The toughest job in the Navy

A stall put up by the Navy Wives Welfare Association (NWWA) at the Navy Mela in Visakhapatnam on November 15, 2012. The profits from the mela will be spent on charity. Photo: K.R. Deepak   | Photo Credit: K_R_DEEPAK

The wives of naval officers are a unique lot. They are independent and happy and sport a smile on their faces. But behind the veil of happiness and laughter, all is not fine.

To be a successful naval wife you need to know how to be both mother and father to your kids, balance the cheque book, pay the bills on time, take care of the car insurance, socialize with friends and be a responsible member of society . In fact, being a naval wife may be the toughest job in the Navy!

Says Amrita Warikoo, aerobics instructor from Vizag , “When people ask me if I am working or not, I say yes, I am a naval wife, and that I think is the most demanding job in the navy because most of the time I am single parenting. I know how tough it was to bring up my two daughters single-handedly.”
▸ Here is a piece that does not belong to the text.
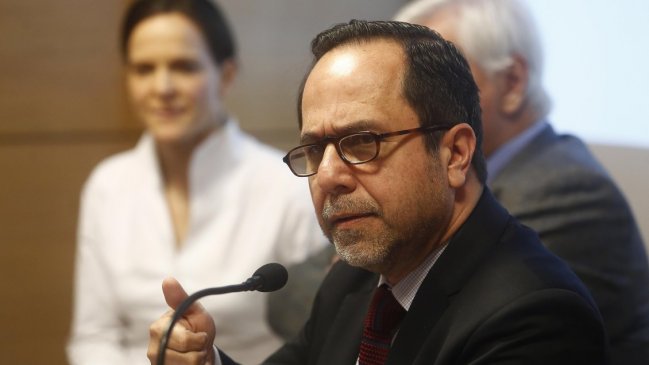 Ex contralor Mendoza confirmó que anuló sumario a Carabineros en 2010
“I remember I once met with a terrible two-wheeler accident and I had fractured my left wrist,” she adds. “My husband was sailing. It was my friends who took me to the hospital. I had to cope with frequent transfers, too. I could take up a career only when my elder daughter turned ten years old. But I absolutely don’t have any grievances regarding this.”
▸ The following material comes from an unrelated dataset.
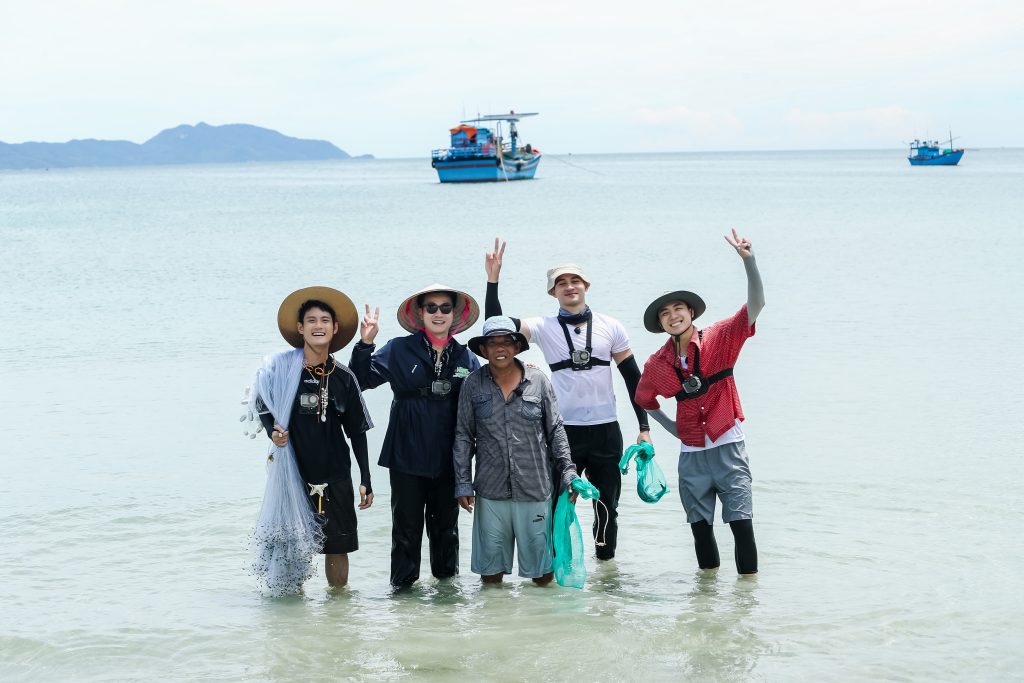 Dàn sao "Mưa đỏ" đổ bộ "Hàng xóm mới", An Trương - Nguyễn Tùng Dương chính thức đối đầu- Ảnh 4. Dàn sao "Mưa đỏ" đổ bộ "Hàng xóm mới", An Trương - Nguyễn Tùng Dương chính thức đối đầu- Ảnh 4.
Being a naval wife teaches you to adapt to frequent change of houses, transfers, change of schools for children and uncertainties of all kinds. You are expected to be a supportive partner to your husband and not blame him for his job and erratic schedules.

Shelly Choudhury, human resource consultant, says, “When my husband went to Chennai for sea time for more than a year, I managed both home and outside. But definitely friends are my support system. They have been there for me through thick and thin. Being in the Navy has taught me what community living is all about. We have pot luck together, we go shopping together and most importantly we are there for each other even if one of us has to rush to the hospital in the middle of the night.” Birthdays, anniversaries and festivals can be missed, but your friends are there for you and the Navy is like an extended family. A naval wife holds the family together when her husband’s career takes him to faraway lands and there is absolutely no way he can get in touch.”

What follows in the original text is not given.